BACKGROUND OF THE INVENTION Traditionally, backside systems consisting of a backside or parent board to which multiple orthogonally oriented daughter boards are connected have employed a plurality of connectors to connect the single parent board or backside to the backside. Both current and power are distributed to multiple child boards. Both the parent board and the daughter board are
It generally requires a large number of conductive layers to be employed on a printed circuit board, and it is quite common for the parent board to be a multilayer printed circuit board. In either case, in order to make the necessary interconnections between the parent board and the daughter board,
A large number of both signal and power contacts are commonly employed.

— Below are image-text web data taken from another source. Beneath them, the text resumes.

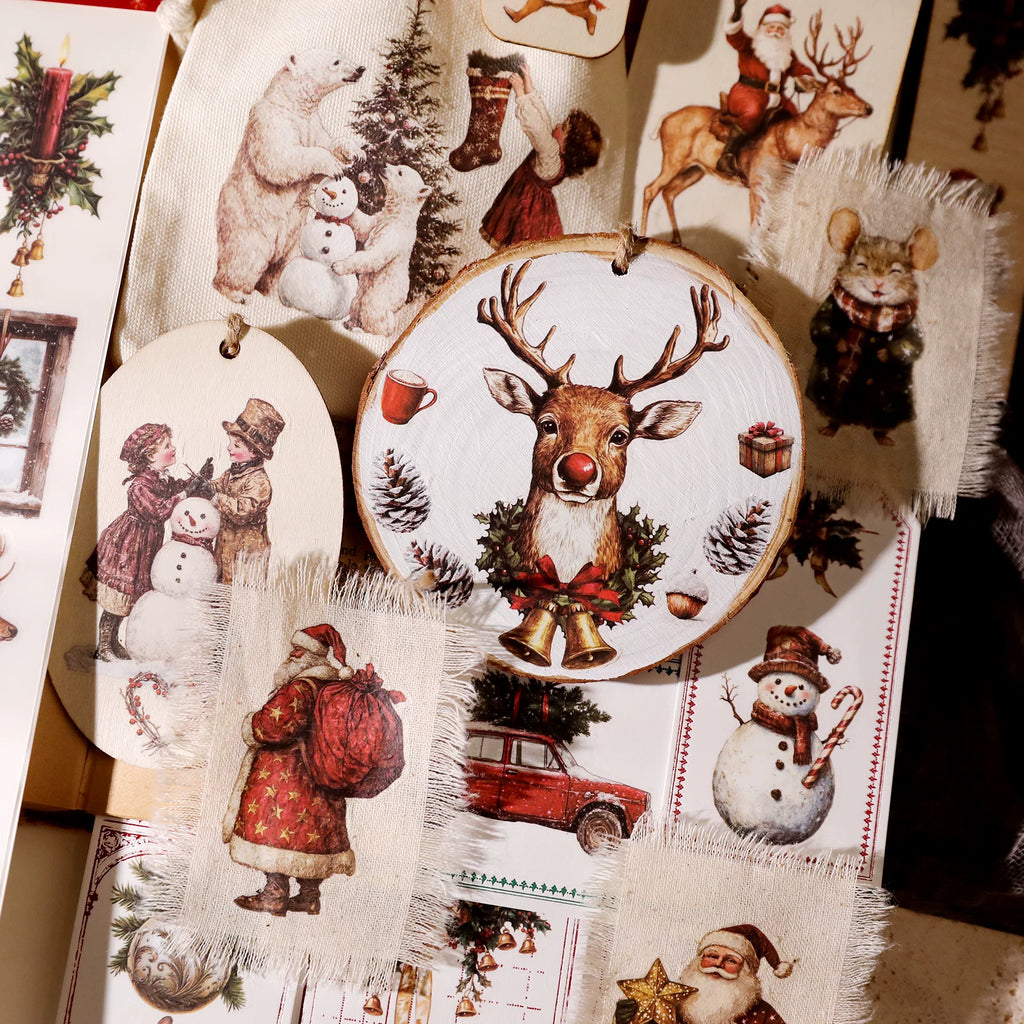 Christmas Matte Rub-on Transfers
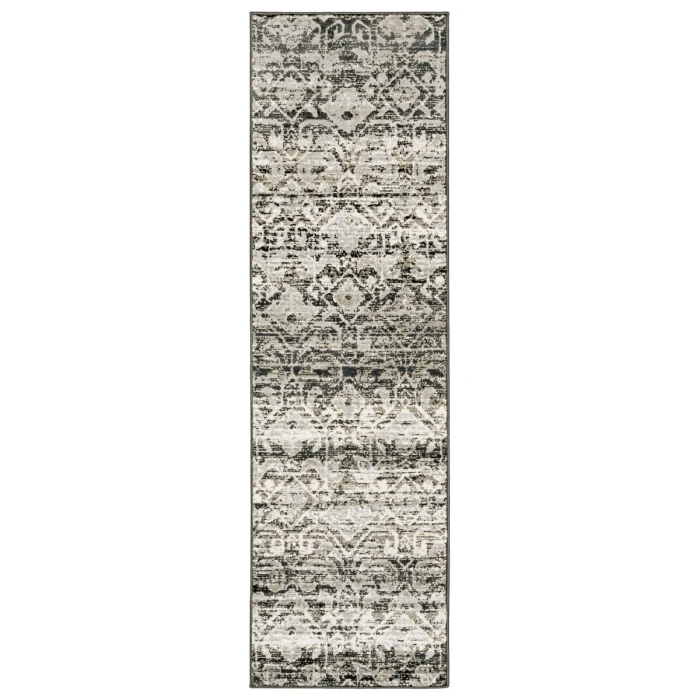 Oriental Weavers Area Rug Bowen 042H2 Grey 6' 7" X  9' 6"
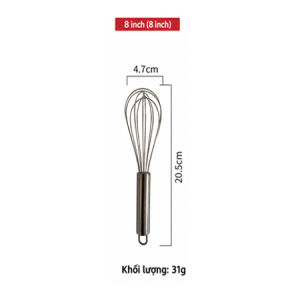 Dụng Cụ Đánh Trứng Inox Phới Lồng Khuấy Bột Làm Bánh Và Nấu Ăn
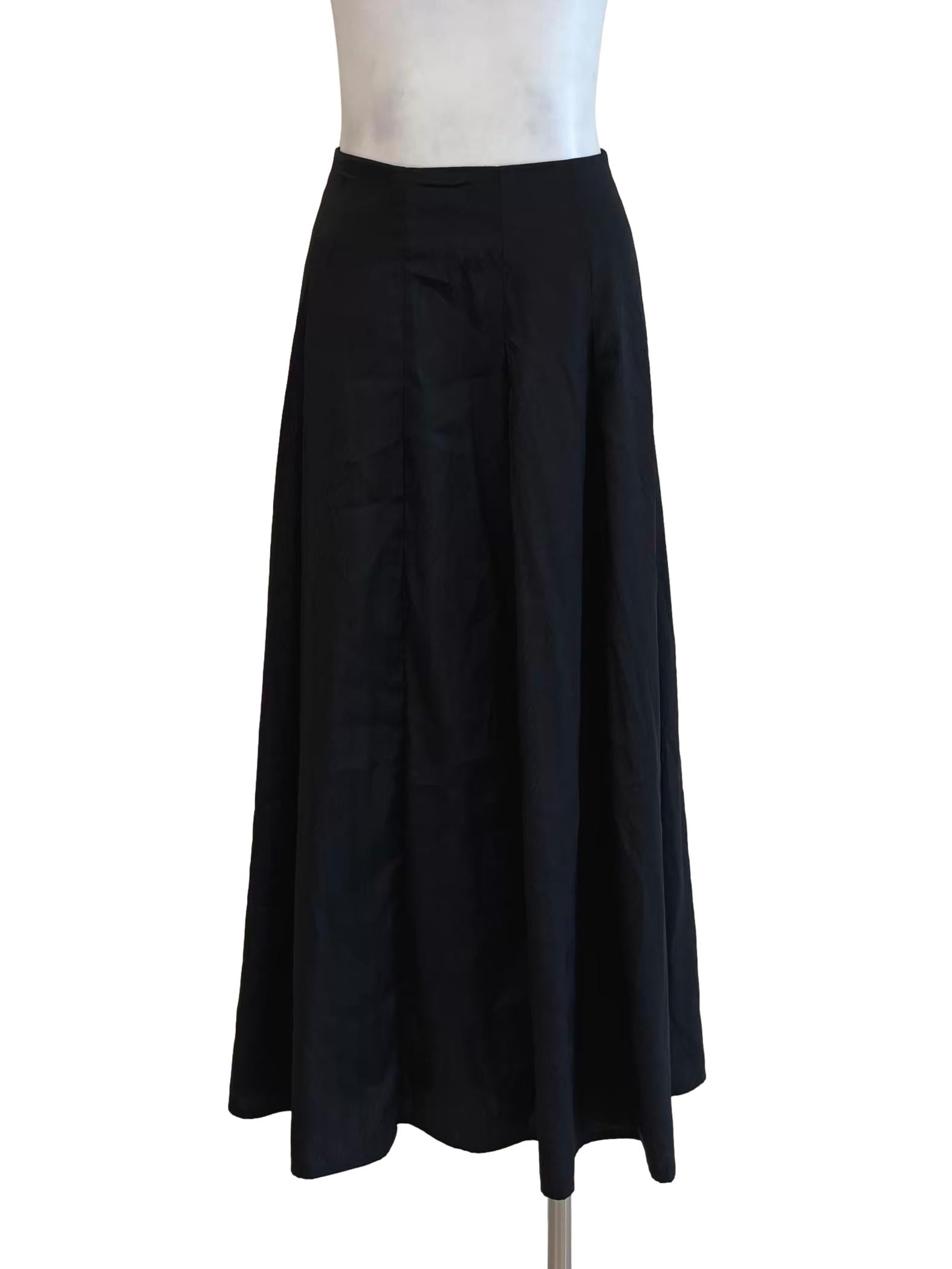 Jet Black A-Line Skirt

U.S. Pat. No. 4,855,518 discloses a rear-to-child board connector in which a two-part connector assembly is used to interconnect corresponding traces on the mother board and the daughter board. Solids are used. The connector assembly used to interconnect the parent board to individual independent daughter boards consists of two part members, each part having a plastic housing having a plurality of rows of contacts. . The contacts in one connector have receptacle portions for mating with the vias in the other connector. The connector also employs a grounding shield on both connector halves. The commercial version of this type of connector also uses specially prepared power tuning fork-like contacts placed at the end of the connector module (unit structure).
Power is delivered from the parent board. These tuning fork contacts in the daughter connector interface with bus vanes, which in turn interface with the rear or inner layer of the daughter board for low power applications. and is bordered by an external bus bar for high power operation.

This type of connector also employs multiple rows of signal contacts. In one embodiment, four rows of signal contacts are employed. A ground plane is required so that the impedance of the signal interconnect remains within a predetermined range. U.S. Pat. No. 4,855,518 discloses one such connector assembly consisting of a rear-to-board connector that includes a row of signal bins and an insulating housing. A layer grounding bus bar is provided on one side of the row of signal bins buried in the wall.

U.S. Pat. No. 4,818,893 discloses a connector having a ground busbar located between two rows of signal contacts. This connector is used to interconnect multiple parallel printed circuit boards.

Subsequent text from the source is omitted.